Here's the map for the 3/26/08 Planning Commission agenda.

Photo from Harrison Hot Springs sand sculpture competition in beautiful British Columbia.

Saturday, March 22, 2008

Torres LA Times Puff Piece

There is a story in today's Los Angeles Times about Norma Torres and how important she is as a hero to Guatemalan imigrants. As noted by Edward Barrera, Metro Editor for the San Gabriel Valley Tribune in the Editor's Corner blog, this article reads like a campaign ad. An obvious PR piece in the news business is usually called a "puff" piece and this certainly qualifies. How anyone can spin the mayor's "feud" with chief Romero as a positive, really doesn't understand the outrage of the community.

While noting that she supported the candidacy of Councilman Rodriguez, they failed to mention her support for Xavier Alvarez, which put him on the 3-Valleys Water Board, where he continues to collect and collect and collect for attending meetings, even while facing federal charges for claiming to have a Congressional Medal of Honor when he never even served in the military.

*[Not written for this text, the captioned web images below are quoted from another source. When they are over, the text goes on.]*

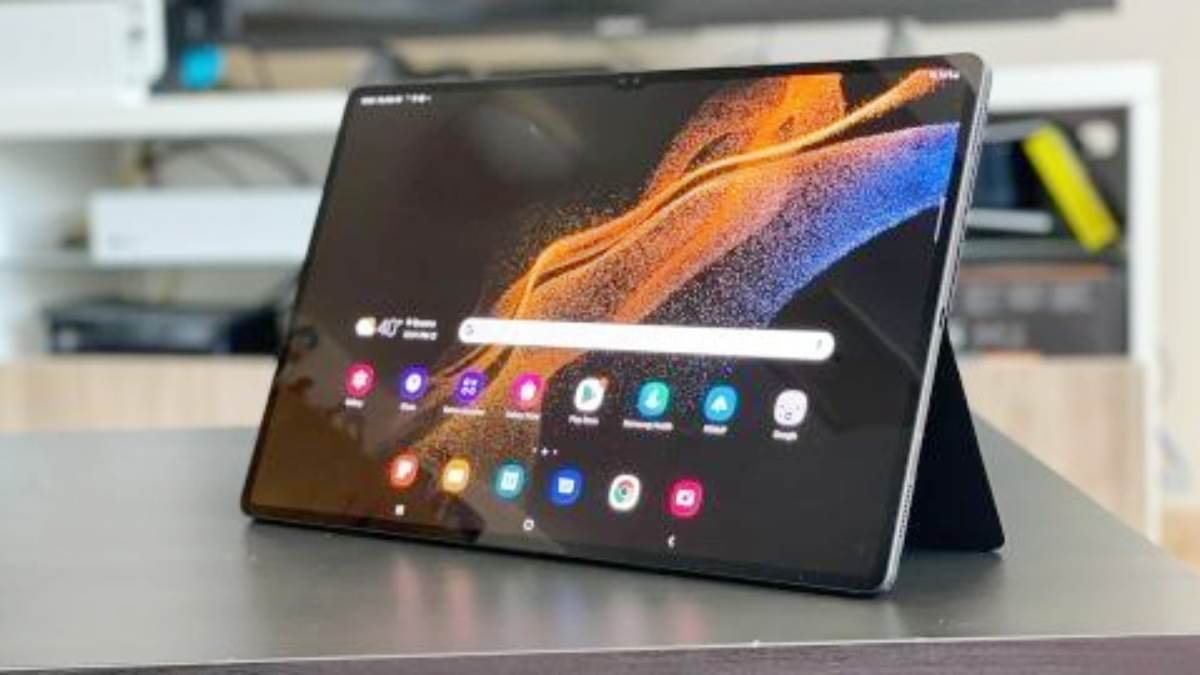 https://www.jagranimages.com/images/newimg/14102024/14_10_2024-amazon-sale-2024-on-best-samsung-tablet__23815438.jpg
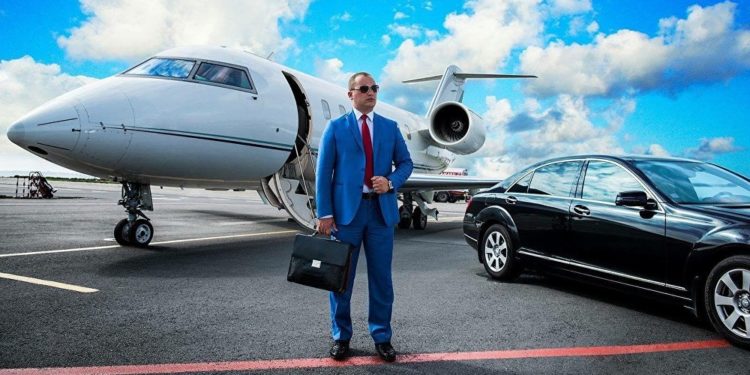 Avocatul Valerian Mînzat, condamnat pentru escrocherie, eliberat din pușcărie înainte de termen | VIDEO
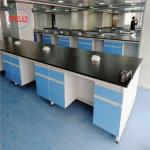 Excellent Customer Service and DTC105 DEG Hinges for Within Budget Chemistry Laboratory Tables for sale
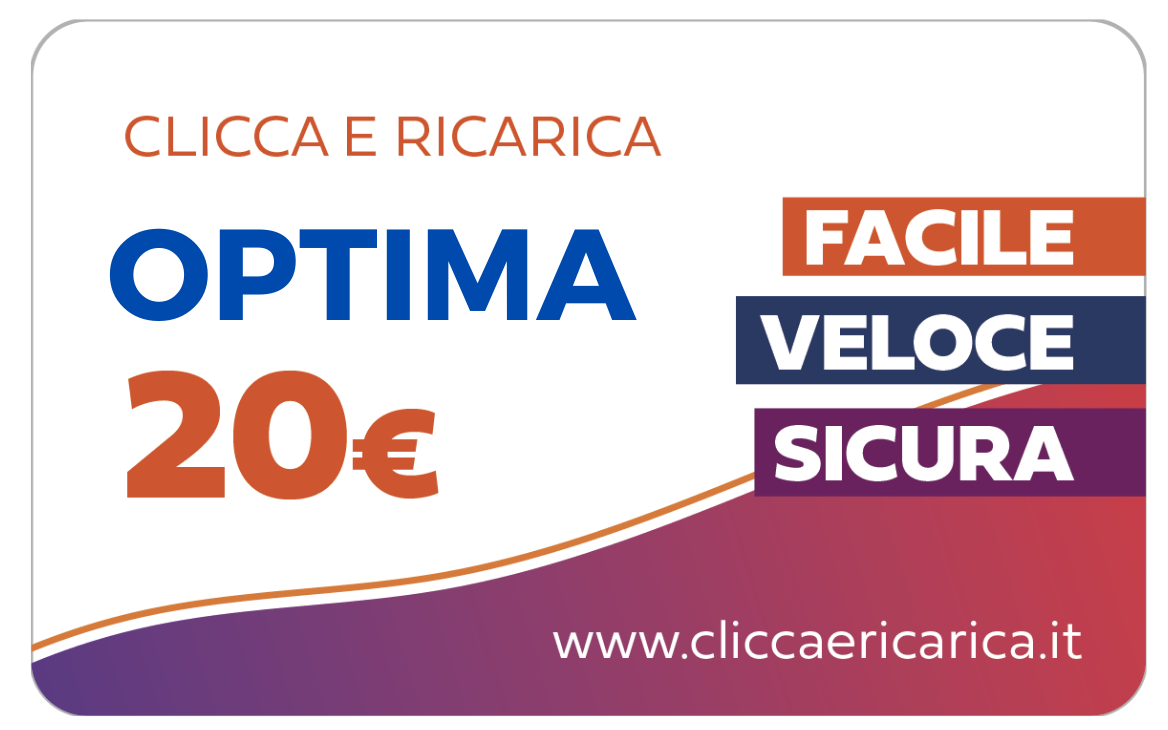 ricarica-optima-2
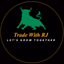Trade with RJ - AppWisp.com
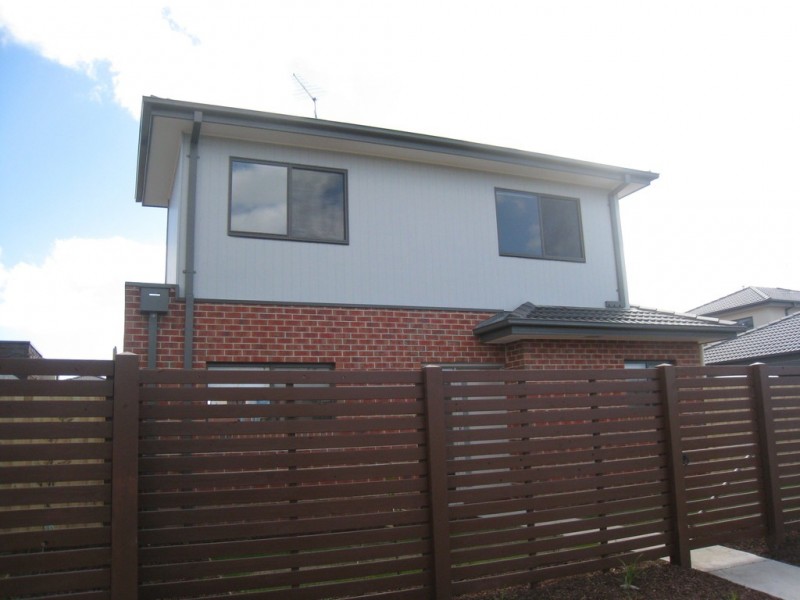 22/140 Country Club Drive, Safety Beach VIC 3936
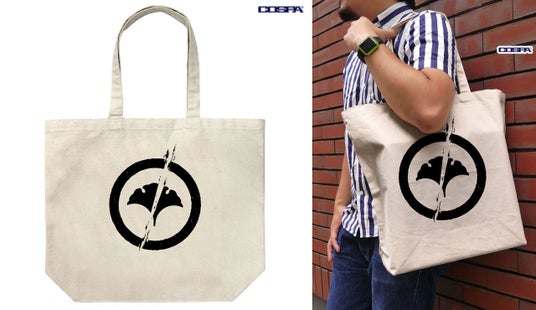 68d1f19b0a716 99047-1295-9ade3f569531aa0a2d58f6ed94bace90-1280x740.jpg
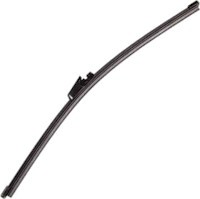 Купити склоочисник MASUMA Rear Frame MU25R 330 за ціною від 297 грн.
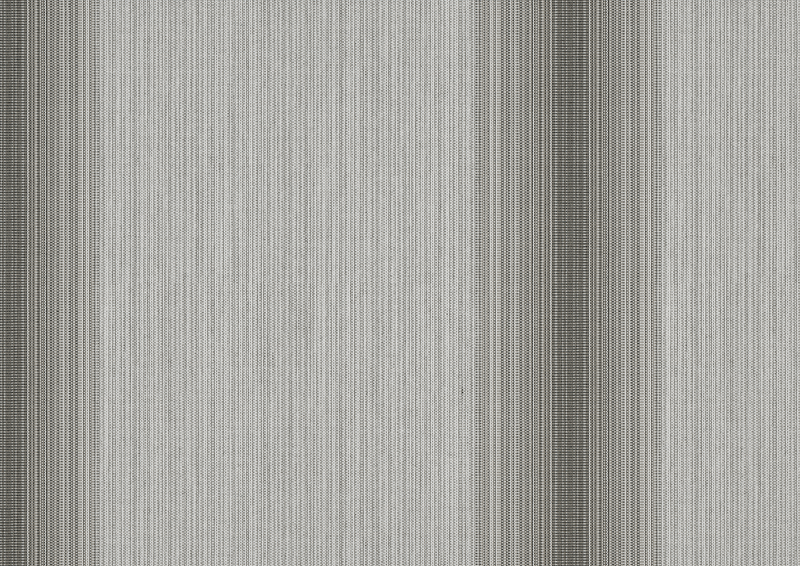 Zonweringdoek: stone (Dessinnr.: A | 4-780), Collectie: evermore, Aanzicht: Direct licht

Somehow they made it appear as if her editorials blasting the chief made her a strong leader. Of course the Times also made it appear not to be a campaign piece as they stated that she was "considering" a run for the Assembly, even though she's now a confirmed candidate. I agree with Mr. Barrera in wondering when the Times will include nicestories about the other candidates.

Friday, March 21, 2008

Newspaper! Newspaper! My kingdom for a newspaper!

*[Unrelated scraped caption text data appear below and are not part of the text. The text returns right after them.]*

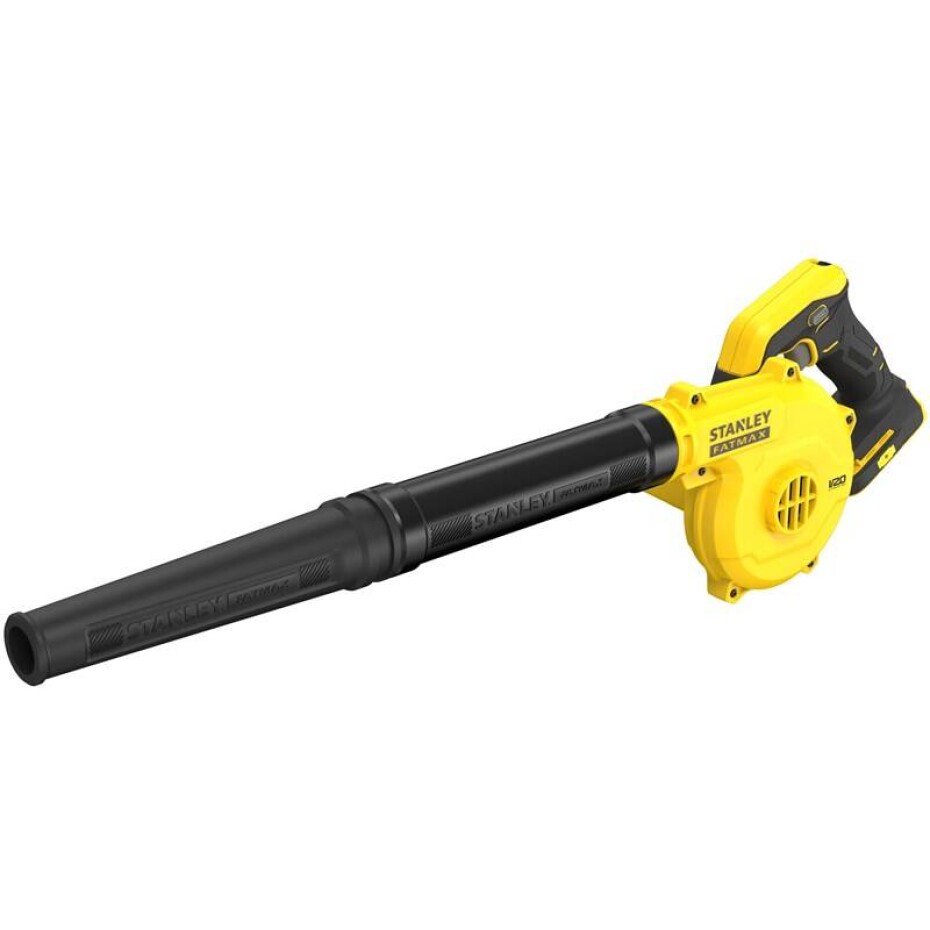 Stanley SFMCBL01B-XJ (bez baterie) - main (0)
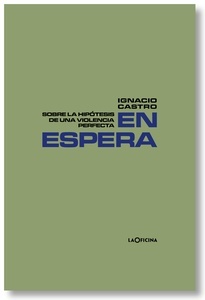 En espera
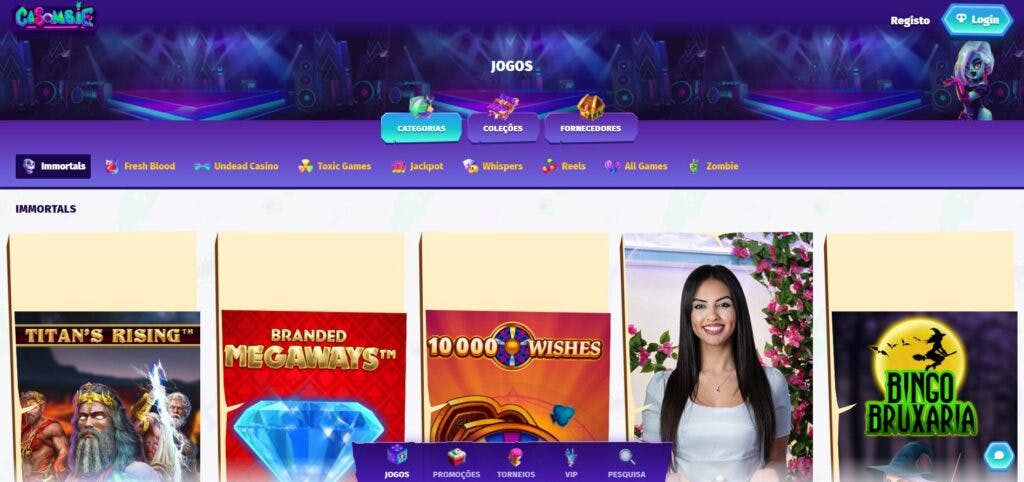 Bet 365 bbb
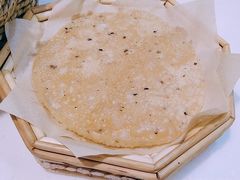 -火齐潮汕砂锅粥(五道口店)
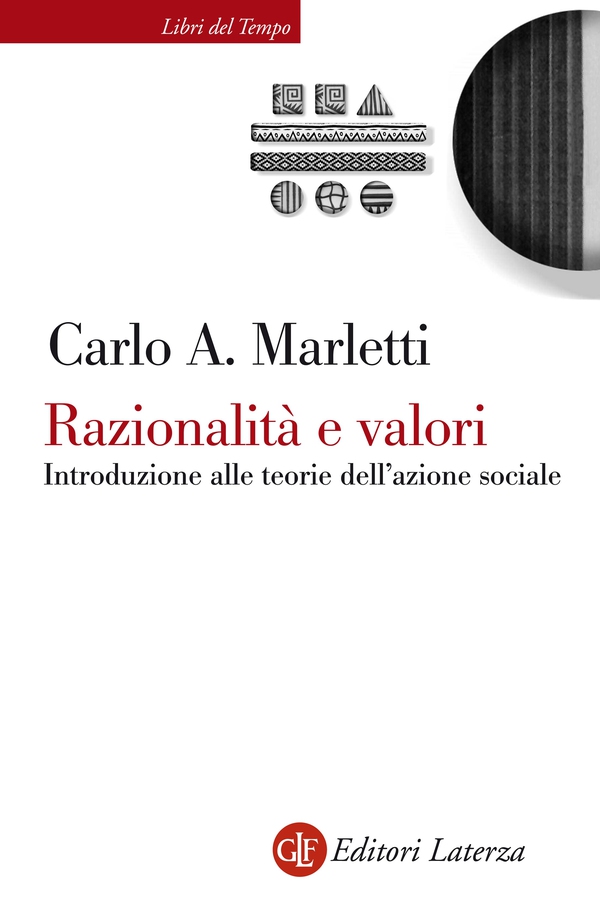 Razionalità e valori - Librerie.coop Razionalità e valori - Librerie.coop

Meg hasn't posted for awhile so I took liberties with a literary reference.

Anyone catch the DB's regurgitation of a recent Chief Romero news release. The reporter happily let us know that shots were fired on three separate occasions near the intersection of Gibbs and Holt. She even tossed in the 'gang' word for good measure. (Yippee for all of those realtors or landlords trying to sell/rent houses in that neighborhood!) What she failed to mention and what could actually be a wonderful story is that the rental property near Gibbs and Holt where the shooting occurred is owned by a resident from Claremont. Don't we all feel better knowing that residents in other cities are providing affordable housing in Pomona for gang members. Here's a fun idea, maybe the city of Pomona should redirect some of their Section 8 dollars into the purchase of an apartment building in Claremont.

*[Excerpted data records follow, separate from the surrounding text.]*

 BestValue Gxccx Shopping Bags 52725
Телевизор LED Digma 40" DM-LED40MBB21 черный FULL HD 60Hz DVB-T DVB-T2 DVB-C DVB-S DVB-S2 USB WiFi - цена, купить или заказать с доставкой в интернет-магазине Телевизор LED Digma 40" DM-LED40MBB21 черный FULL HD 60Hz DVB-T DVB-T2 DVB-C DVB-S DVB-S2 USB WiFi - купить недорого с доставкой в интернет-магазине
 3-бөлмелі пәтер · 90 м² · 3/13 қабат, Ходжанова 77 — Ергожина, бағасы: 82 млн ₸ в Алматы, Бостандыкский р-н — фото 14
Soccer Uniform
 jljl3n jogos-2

How about that in depth coverage of the recent murder in Covina hills? The location, just off Grand Ave, is minutes from Pomona, but I didn't see a story in the online version of the DB. The story was worthy of the LA Times, CBS2 news, and after a quick google search........the Sun-Sentinel in Florida. Yes, I said a newspaper in Florida, the state of the hanging chad, is more likely to cover a horrific murder minutes from our city than our "local" paper.

And just when I fear Pomona may be forgotten and slip into oblivion, I'm reassured to find that the Pomona PD has conducted a prostitution sting. Although not newsworthy enough to reach Florida, the tidbit did appear in the online versions of the SGVTribune, the Whittier Daily News, and the Pasadena Star News. Could it be that the Los Angeles Newspaper Group is giving a heads up to all the "johns" on the other side of the hill that they should look elsewhere for their quick fix. What a thoughtful public service!!

There's nothing like reports of gangs and prostitutes to stimulate the housing market.

I feel sooooo much better getting that off my chest.

Wednesday, March 12, 2008

Coming to a Neighborhood Near You 3/12

Nothing really earth-shattering at tonight's Planning Commission meeting. There are a couple of higher density projects (small scale) and two "please let me sell alcohol" projects. The Mission 71 Business Park modification could be interesting, but the online information is insufficient to render much opinion. If any of these interest or affect you, the meeting in the Council Chambers starts at 7PM tonight (3/12).

Here's the map.

Friday, March 7, 2008

Famous Barmaid, I hear you singing -- pour me another song

I don't usually copy over material from Claremont Insider, since I reckon all of y'all read it, but my inner fangirl insisted that I bring your attention to this.

Exene! Coming to Claremont! X in Pomona, sure, but Exene in Claremont? Honey, fetch mama the moonshine before she swoons.

Thursday, March 6, 2008

Half-full or Half-empty

This post is just a continuation of the "Students shine Pomona?"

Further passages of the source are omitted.